> [PROVIDED MATERIAL]:
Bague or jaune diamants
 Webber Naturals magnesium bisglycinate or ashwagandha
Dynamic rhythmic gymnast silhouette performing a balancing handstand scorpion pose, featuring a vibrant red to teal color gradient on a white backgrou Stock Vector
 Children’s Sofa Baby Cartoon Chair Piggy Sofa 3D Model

> [TO DO]:
Repeat, word for word, all of the data shown above.

> [FINISHED TASK]:
Bague or jaune diamants
 Webber Naturals magnesium bisglycinate or ashwagandha
Dynamic rhythmic gymnast silhouette performing a balancing handstand scorpion pose, featuring a vibrant red to teal color gradient on a white backgrou Stock Vector
 Children’s Sofa Baby Cartoon Chair Piggy Sofa 3D Model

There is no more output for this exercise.